Moran pleaded guilty to gunning down two people, Sandra Devere and Russell Rhoades, during an Aug. 2, 1984, robbery of the Red Pearl Saloon in Las Vegas. He also admitted fatally shooting his ex-wife, Linda Vandervoort, nine days later.

After the killings, Moran attempted suicide by shooting himself in the abdomen and trying to slit his wrists. When he pleaded guilty, he was recovering from the suicide attempt and was taking four prescribed drugs.

Moran also refused a lawyer’s help at his sentencing.

Moran later tried to withdraw his guilty pleas, saying he was incompetent to plead guilty and proceed without a lawyer. State courts and a federal judge ruled against him, but the 9th U.S. Circuit Court of Appeals said last July that he must be given a trial.

Criminal defendants may be ruled competent to stand trial if they understand the proceedings and are capable of assisting their lawyer.

But the 9th Circuit court said defendants who want to waive constitutional rights must show a higher level of mental functioning than that.
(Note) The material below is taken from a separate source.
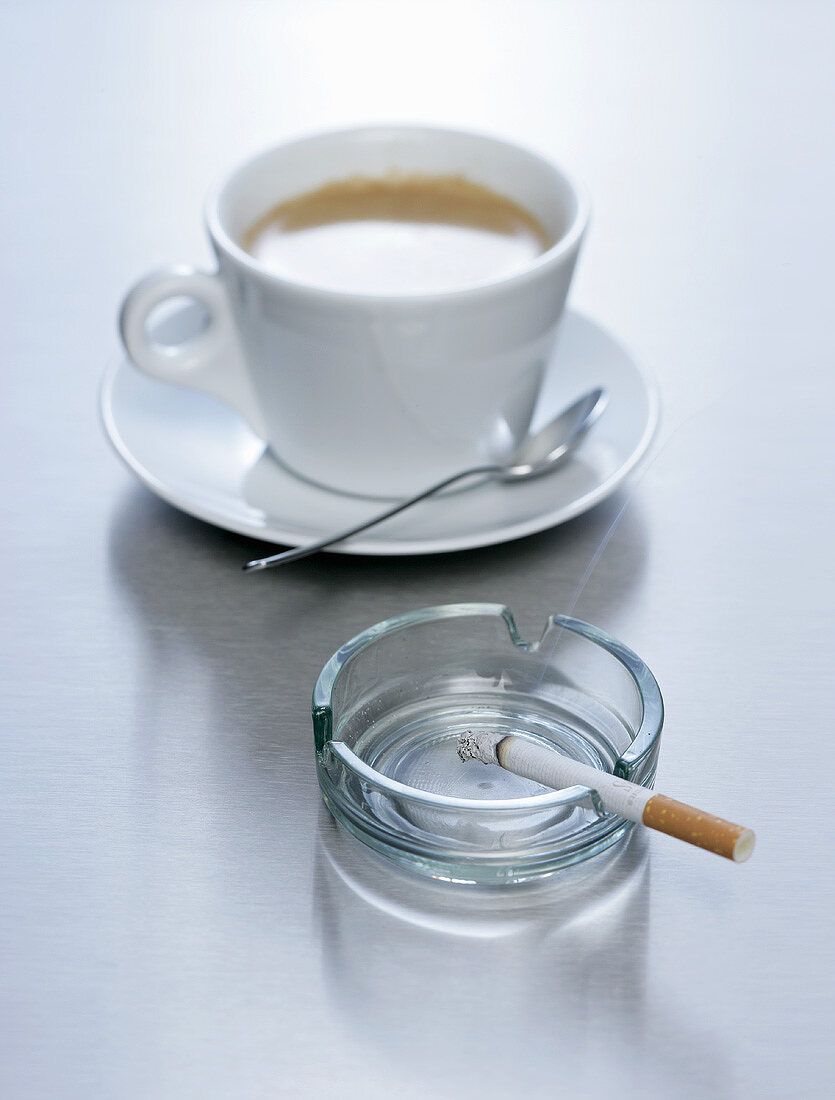 A cup of coffee with a cigarette in an ashtray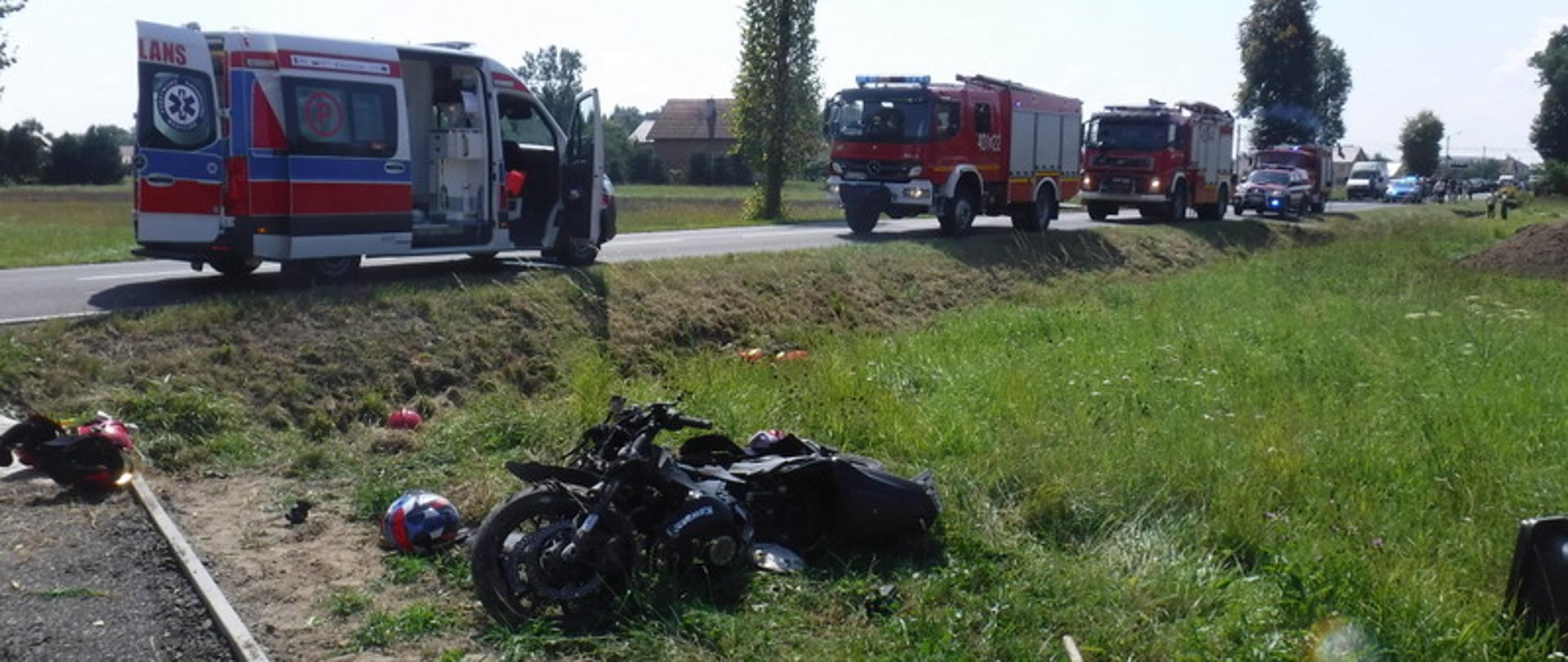 Zdjęcie główne przedstawia rozbity motocykl znajdujący się w przydrożnym rowie. Na drodze stoi ambulans ZRM oraz samochody pożarnicze z JRG Bochnia: GBARt 2,5/16, SCRt, SLRR.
Such defendants also must have ″the capacity for reasoned choice″ among the available alternatives, the appeals court said.

Today, the Supreme Court disagreed.

Defendants who plead guilty give up their constitutional privilege against self-incrimination, the right to a jury trial and the right to confront their accusers, Thomas wrote.

Those who choose to stand trial face equally important decisions, Thomas wrote, including whether to testify, whether to cross-examine prosecution witnesses and what kind of defense to mount.

Defendants who want to waive their right to a lawyer must be mentally competent to make that decision, but they do not have to show they are prepared to represent themselves, he added.

States may require a higher level of mental competence for such waivers, but the Constitution’s due-process guarantees do not require it, Thomas said.

The case is Godinez vs. Moran, 92-725.